Par ailleurs, même si elles ont un statut d'établissement public, les CCI et les CMA sont soumises, sur le plan comptable, à des règles qui les rapprochent des entreprises privées. Ainsi, elles ne sont pas soumises à une instruction comptable de type M 9 mais aux principes du plan comptable général et leurs comptes sont certifiés par un commissaire aux comptes. Dès lors, les chambres régionales des comptes apprécient les facteurs de risque en fonction des réserves émises par ces derniers. Or, il ressort du dernier rapport sur la qualité des comptes des administrations publiques d'octobre 2014, que des réserves n'ont été émises que dans 2 % des rapports des commissaires aux comptes portant sur les CCI et dans 12 des 133 rapports de certification concernant les CMA. Encore faut-il préciser, s'agissant de ces dernières, que les réserves sont liées pour l'essentiel, non pas à des irrégularités manifestes, mais au fait que les Centres de formation d'apprentis (CFA), qui doivent tenir une comptabilité spécifique, ne le font pas toujours dans les règles. Globalement, les CCI et CMA ne se signalent donc pas par une qualité comptable dégradée qui justifierait que l'on relève l'échelle de risque.

En outre, le dispositif juridique actuel ne prévoit pas, pour les CCI et les CMA, de mécanismes de signalement analogues à ceux existant pour les collectivités territoriales, dont les préfets, voire les élus, peuvent signaler la situation financière dégradée et demander le contrôle à la Chambre régionale des comptes. L'absence de telles procédures et de sinistres importants explique que les productions récentes des chambres régionales des comptes sur les CCI et les CMA soient assez peu nombreuses.

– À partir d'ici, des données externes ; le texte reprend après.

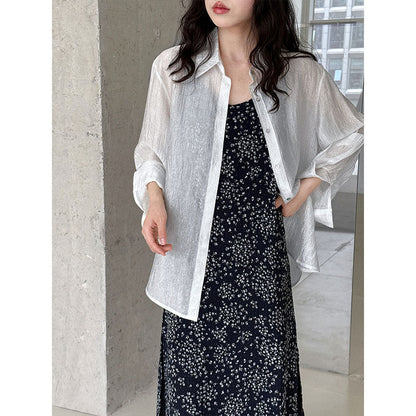 Korean simple texture glossy see-through shirt women's summer new sunscreen pearlescent cardigan jacket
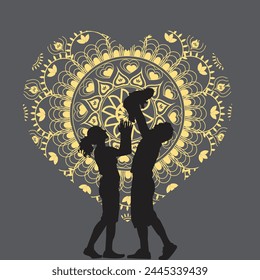 This is simple and vector family mandala background and it is editable.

Les juridictions financières sont toutefois conscientes de l'intérêt qu'il y aurait à dépasser les approches en termes de contrôle organique, assimilables à des monographies organisme par organisme, pour produire des travaux de synthèse. Aussi la Cour des comptes et les chambres régionales des comptes ont-elles convenu, pour les années à venir – l'arrêté de délégation actuel expirant fin 2015 – de renforcer leur coordination en créant un système de pilotage afin d'orienter la programmation des thèmes de contrôle et, le cas échéant, de produire des études de synthèse.